With just a little practice, we can be in the present moment throughout much of our day. In the beginning, however, we need to set aside time to be in the present moment. This practice time gives us a sense of what it feels like, and starts training our brain.

How to practice PMA for five minutes a day.

  1. Find a physical space reasonably free of distractions (e.g., computers, phones, televisions, people). A quiet office with the door shut is a good example.
  2. Sit on a chair or on the ground in such a position that your spine is fairly straight. Your feet should be flat on the floor, with your hands in your lap or resting on your thighs. If you have back issues, lying on the floor is fine too.
  3. Whip out your smartphone and set an alarm for five minutes.
  4. Hit “START.”
  5. Begin breathing with your belly (i.e., diaphragm). If you can see your belly moving in and out, you’ve got it.
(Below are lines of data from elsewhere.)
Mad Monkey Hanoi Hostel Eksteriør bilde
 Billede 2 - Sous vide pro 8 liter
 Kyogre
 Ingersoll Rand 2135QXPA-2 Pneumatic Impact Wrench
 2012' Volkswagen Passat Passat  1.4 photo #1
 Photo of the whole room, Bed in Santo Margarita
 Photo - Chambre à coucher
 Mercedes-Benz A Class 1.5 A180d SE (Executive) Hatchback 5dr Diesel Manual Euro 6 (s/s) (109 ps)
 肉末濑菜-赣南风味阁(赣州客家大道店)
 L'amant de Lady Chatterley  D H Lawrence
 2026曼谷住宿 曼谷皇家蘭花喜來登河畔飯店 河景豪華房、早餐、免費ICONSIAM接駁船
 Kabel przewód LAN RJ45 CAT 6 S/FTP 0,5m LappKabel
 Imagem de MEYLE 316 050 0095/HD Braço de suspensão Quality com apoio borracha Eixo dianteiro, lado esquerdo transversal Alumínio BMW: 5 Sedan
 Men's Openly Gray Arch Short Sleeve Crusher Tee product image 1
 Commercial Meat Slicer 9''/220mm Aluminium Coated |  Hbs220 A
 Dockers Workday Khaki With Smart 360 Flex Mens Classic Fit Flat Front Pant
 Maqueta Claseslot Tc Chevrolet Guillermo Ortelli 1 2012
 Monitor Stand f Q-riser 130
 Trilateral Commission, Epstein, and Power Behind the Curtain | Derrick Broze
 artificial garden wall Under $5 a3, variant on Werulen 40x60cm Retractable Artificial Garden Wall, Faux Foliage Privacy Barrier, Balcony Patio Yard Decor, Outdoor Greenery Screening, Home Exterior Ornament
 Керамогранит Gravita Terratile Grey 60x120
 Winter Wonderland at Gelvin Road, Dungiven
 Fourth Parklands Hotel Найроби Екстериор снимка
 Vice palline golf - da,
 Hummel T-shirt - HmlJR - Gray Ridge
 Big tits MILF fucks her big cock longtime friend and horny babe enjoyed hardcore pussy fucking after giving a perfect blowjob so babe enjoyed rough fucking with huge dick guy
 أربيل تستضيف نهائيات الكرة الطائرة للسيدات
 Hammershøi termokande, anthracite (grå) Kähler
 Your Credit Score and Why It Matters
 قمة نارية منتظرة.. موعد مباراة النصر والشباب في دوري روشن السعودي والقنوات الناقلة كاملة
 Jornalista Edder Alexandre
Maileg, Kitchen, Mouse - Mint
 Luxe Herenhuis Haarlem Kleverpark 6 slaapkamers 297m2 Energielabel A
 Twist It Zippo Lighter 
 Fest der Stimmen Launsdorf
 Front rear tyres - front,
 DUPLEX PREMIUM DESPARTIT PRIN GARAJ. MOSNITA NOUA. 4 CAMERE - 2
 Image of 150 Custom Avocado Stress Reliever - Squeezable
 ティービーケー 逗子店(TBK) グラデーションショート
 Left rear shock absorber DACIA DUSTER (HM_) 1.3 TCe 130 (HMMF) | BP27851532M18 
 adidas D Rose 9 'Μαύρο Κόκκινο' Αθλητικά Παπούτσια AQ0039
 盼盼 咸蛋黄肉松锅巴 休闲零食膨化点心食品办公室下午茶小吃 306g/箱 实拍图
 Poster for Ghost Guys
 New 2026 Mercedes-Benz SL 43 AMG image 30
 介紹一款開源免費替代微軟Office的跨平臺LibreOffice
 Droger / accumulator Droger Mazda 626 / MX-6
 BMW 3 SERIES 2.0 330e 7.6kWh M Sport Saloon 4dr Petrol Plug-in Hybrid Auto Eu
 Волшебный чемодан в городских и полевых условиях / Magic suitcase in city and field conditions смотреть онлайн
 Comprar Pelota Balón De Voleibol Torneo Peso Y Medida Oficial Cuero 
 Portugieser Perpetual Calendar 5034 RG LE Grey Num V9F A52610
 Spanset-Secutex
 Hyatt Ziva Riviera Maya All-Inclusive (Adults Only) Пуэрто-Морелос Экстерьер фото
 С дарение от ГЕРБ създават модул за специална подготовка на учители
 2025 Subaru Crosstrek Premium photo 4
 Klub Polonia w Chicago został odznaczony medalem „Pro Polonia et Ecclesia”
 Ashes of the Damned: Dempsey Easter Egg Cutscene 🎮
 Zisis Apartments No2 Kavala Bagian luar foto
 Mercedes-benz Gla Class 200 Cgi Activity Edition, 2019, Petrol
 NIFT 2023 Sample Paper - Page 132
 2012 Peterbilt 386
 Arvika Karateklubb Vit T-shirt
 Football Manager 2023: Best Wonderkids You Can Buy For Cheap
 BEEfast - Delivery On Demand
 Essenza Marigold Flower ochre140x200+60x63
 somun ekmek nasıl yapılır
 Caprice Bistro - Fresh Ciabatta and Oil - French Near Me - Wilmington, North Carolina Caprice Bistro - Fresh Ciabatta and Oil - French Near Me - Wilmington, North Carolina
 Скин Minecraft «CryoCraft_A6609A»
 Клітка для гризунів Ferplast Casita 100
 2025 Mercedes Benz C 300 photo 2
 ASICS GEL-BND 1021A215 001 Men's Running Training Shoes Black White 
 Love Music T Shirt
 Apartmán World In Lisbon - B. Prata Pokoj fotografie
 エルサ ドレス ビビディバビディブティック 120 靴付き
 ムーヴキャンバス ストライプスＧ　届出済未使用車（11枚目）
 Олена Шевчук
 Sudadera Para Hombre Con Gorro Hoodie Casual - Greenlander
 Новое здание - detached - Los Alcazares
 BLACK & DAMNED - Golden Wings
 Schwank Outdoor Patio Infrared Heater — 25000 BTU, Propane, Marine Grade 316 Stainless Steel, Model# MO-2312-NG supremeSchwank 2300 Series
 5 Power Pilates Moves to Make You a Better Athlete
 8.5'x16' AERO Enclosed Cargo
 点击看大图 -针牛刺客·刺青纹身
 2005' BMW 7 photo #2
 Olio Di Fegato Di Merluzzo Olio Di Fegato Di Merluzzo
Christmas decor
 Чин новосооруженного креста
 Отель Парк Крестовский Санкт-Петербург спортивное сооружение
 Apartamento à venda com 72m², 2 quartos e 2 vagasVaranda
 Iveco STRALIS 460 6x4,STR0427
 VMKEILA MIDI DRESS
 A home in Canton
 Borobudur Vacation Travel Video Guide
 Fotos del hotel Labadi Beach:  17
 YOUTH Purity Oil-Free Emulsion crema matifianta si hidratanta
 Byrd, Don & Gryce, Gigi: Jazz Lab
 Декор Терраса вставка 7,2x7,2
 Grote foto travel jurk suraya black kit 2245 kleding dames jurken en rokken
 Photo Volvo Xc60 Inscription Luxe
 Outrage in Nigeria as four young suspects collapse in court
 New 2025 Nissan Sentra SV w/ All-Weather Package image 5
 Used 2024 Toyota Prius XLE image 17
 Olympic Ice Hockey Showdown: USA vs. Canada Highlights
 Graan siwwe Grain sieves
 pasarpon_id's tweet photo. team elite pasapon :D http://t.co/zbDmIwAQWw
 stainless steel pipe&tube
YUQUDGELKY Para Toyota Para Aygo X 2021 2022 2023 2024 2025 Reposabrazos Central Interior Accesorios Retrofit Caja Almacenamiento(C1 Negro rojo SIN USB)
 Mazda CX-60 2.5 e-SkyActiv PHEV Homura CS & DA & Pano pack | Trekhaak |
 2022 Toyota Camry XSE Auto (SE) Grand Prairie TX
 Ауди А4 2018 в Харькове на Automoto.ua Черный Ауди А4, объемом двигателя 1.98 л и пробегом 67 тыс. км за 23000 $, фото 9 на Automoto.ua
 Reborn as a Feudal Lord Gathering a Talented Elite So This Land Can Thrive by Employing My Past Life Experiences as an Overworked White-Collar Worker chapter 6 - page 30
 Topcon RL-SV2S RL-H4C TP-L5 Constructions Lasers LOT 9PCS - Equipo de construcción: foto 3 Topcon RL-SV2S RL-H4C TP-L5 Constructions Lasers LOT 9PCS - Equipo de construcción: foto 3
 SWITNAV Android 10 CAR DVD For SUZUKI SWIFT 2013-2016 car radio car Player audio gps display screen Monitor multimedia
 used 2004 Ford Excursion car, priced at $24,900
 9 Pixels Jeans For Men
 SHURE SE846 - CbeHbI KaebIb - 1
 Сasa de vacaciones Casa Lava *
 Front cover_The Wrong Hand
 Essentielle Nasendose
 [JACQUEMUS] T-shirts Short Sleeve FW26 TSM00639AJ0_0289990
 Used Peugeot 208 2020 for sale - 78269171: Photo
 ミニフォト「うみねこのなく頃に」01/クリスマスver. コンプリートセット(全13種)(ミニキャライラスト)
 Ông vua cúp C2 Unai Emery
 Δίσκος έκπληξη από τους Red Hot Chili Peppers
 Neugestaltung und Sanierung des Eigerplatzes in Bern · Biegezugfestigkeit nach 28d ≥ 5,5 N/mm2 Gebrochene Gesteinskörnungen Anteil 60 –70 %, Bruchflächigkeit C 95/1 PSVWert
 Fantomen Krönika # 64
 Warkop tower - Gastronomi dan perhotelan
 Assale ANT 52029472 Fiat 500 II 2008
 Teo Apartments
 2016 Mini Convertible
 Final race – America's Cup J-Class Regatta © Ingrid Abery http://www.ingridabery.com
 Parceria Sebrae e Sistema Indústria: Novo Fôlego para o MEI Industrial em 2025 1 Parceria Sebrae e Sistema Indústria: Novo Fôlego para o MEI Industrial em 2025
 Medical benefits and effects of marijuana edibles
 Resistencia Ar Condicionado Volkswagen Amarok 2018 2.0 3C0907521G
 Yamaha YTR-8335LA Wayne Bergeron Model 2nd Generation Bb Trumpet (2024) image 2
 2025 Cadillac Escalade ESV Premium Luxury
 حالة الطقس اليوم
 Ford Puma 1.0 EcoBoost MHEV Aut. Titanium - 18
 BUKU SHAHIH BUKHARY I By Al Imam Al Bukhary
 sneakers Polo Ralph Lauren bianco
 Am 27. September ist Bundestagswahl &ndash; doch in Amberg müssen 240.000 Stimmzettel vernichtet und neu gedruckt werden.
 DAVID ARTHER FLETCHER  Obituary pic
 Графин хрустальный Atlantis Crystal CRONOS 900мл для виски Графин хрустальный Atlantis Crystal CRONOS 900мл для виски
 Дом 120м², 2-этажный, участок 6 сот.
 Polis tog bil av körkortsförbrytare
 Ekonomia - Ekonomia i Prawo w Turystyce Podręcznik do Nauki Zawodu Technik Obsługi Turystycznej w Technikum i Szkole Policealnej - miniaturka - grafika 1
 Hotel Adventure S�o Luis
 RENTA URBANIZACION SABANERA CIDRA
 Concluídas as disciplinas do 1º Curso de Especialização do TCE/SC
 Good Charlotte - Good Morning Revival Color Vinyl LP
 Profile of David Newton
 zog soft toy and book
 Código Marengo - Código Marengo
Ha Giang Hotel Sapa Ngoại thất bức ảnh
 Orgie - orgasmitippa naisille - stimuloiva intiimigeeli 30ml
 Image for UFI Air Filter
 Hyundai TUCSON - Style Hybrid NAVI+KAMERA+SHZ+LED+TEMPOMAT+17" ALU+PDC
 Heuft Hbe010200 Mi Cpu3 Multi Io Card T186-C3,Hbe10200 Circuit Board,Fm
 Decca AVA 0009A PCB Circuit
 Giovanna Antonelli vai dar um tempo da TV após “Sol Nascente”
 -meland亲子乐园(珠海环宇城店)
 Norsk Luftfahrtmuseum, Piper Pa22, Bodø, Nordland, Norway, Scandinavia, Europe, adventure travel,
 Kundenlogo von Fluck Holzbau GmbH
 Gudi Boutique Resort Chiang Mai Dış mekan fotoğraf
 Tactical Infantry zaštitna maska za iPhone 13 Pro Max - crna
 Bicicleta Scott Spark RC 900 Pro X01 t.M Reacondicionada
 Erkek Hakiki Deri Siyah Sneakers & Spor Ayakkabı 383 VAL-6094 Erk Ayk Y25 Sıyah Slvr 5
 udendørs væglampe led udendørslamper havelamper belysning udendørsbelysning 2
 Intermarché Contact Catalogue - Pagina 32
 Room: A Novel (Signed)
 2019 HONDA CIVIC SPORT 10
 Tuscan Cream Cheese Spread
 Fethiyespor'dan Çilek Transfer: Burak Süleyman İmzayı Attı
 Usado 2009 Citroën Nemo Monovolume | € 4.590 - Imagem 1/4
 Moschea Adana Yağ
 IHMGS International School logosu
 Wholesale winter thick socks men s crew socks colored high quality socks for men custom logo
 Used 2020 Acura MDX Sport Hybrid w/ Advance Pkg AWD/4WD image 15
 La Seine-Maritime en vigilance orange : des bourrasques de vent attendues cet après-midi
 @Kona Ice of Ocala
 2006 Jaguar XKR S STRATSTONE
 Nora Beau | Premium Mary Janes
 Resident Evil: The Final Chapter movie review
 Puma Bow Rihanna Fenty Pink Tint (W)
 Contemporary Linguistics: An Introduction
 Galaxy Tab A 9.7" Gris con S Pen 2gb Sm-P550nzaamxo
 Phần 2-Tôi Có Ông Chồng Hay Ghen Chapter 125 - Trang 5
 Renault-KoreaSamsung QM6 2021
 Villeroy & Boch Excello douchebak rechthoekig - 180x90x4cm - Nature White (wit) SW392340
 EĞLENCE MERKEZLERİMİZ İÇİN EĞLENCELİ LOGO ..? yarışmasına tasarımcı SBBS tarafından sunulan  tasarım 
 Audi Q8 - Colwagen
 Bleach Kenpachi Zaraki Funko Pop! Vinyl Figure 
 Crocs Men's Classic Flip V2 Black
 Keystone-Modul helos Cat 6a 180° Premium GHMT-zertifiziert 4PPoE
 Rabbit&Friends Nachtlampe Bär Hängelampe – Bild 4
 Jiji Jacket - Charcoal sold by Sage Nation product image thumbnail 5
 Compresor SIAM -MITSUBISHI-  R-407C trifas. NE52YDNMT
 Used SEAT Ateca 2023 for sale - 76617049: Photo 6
Just don’t breathe with your upper chest.
  6. Begin directing your attention to your breath. To ground your thoughts in the present moment, on the in breath, say to yourself, “In,” and on the out breath, “Out.” (Alternatively, some folks use inspirational words such as “peace,” “love,” or “quiet.” You can also invoke your word on only the in or only the out breath, instead of both.)

It sounds easy but getting to this point is really the hardest part—making the time and the space and the commitment to be there. Great work!

Once your seated in that quiet place, what will inevitably happen is that you will find your mind leaving the present moment and darting toward the only thing it really knows: past or future thoughts. You may find you’ve spent several seconds or minutes working out a problem in your mind before realizing you stopped focusing on your breath. When this happens, simply notice it and then go back to your breath.

Noticing is different than getting upset with your self. A lot of people give up, saying, “I can’t do this!” The process of noticing extraneous thoughts and refocusing on your breath is the work. It’s your brain being trained and it’s a beautiful thing.

  1. Occasionally, take in a slightly larger amount of air of in into your belly; hold it for just a second, and then release. Feel the tension in your body melt away.
  2. When your alarm sounds, you’re done.
  3. Rinse and repeat every day.

As you can see, this stuff is pretty straightforward. This simple practice has a ton of science to support its many benefits. Your investment is five minutes a day. That’s about the same amount of time it takes to work yourself up into a rage about something you have absolutely no control over (forced overtime or a citizen contact that got under your skin).

Some investments come with a lot of risk. Very rarely, we get a good tip on some easy money. Committing yourself to developing present moment awareness is easy money, so what are you waiting for?